China Malware War Gets Personal
‘Godfather of Chinese hooligan-ware’ fights back as Yahoo China launches an all-out assault.
Zhou Hongyi, controversial Internet entrepreneur and former president of Yahoo China, has filed a 3.6-million yuan ($450,000) defamation suit against his former employer in Beijing’s Second Intermediary People’s Court.
The suit, filed Thursday, came after Yahoo China general manager Tian Jian accused Mr. Zhou in a Monday press conference of unethical business practices.
Alibaba, the Hangzhou-based B2B e-commerce company that took control of Yahoo China in August 2005, announced that the company and its subsidiaries would “henceforth and for all time cease to make use of the services provided by companies invested in or related to Zhou Hongyi.”
A rift between Mr. Zhou and Yahoo China has been developing since before his departure from Yahoo last year, just prior to Alibaba’s takeover of Yahoo’s China operations.
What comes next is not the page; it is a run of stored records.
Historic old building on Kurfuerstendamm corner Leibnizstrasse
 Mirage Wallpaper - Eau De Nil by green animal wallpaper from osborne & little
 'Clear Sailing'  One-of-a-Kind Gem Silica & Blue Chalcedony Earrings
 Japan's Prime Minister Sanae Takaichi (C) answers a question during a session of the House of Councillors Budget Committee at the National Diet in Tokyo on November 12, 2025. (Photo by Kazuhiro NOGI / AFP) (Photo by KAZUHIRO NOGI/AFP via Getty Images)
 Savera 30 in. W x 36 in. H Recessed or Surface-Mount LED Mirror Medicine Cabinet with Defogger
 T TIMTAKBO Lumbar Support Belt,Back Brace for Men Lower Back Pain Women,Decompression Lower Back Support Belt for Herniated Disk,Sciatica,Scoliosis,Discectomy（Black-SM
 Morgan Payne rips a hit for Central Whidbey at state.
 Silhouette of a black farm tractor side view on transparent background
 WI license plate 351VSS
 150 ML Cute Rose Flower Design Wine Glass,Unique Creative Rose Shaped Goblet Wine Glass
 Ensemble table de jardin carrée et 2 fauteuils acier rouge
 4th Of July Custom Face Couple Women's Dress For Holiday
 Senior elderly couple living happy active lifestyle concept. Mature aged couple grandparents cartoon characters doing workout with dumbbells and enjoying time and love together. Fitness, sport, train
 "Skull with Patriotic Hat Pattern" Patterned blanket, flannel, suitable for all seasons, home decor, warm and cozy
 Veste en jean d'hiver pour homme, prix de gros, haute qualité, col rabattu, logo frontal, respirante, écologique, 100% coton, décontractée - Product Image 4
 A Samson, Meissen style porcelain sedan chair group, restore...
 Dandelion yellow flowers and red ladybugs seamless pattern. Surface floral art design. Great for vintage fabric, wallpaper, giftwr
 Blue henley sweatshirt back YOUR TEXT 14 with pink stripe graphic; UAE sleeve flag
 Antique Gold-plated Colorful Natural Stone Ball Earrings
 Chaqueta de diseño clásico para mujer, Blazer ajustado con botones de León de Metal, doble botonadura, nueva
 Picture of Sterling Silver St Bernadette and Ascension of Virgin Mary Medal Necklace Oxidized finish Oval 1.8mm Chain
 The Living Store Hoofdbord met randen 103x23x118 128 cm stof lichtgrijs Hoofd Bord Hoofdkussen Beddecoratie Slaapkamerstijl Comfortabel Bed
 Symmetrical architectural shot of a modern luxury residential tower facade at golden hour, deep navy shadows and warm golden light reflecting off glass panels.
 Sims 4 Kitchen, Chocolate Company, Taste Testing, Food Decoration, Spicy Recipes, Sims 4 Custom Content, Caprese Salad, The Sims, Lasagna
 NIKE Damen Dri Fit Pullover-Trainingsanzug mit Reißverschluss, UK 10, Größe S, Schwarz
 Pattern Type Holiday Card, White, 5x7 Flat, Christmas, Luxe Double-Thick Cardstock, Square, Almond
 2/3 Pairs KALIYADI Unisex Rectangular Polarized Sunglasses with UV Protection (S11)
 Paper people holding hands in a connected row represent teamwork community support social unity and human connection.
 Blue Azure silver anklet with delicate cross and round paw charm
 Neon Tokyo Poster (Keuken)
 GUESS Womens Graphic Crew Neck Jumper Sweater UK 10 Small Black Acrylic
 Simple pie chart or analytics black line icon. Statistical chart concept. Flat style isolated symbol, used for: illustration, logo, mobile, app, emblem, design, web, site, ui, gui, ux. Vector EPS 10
Mr. Zhou doled out generous bonuses to Yahoo employees in a ploy his detractors derided as a naked purchase of loyalties.
Mr. Zhou defended the disbursements. “Many of these people were longtime Yahoo employees, and they were under no obligation to follow me,” he said. “It was my money to do with as I wanted.”
The rift widened when Mr. Zhou, who nominally joined the venture capital firm IDG as a venture partner when he left Yahoo China, launched Qihoo.com, a blog and bulletin board aggregator and search engine early this year in Beijing.
He hired more than 100 former Yahoo workers as part of Qihoo’s 380 employees. Mr. Zhou said he didn’t poach any of them and that he abided strictly by the terms of his non-competition agreement.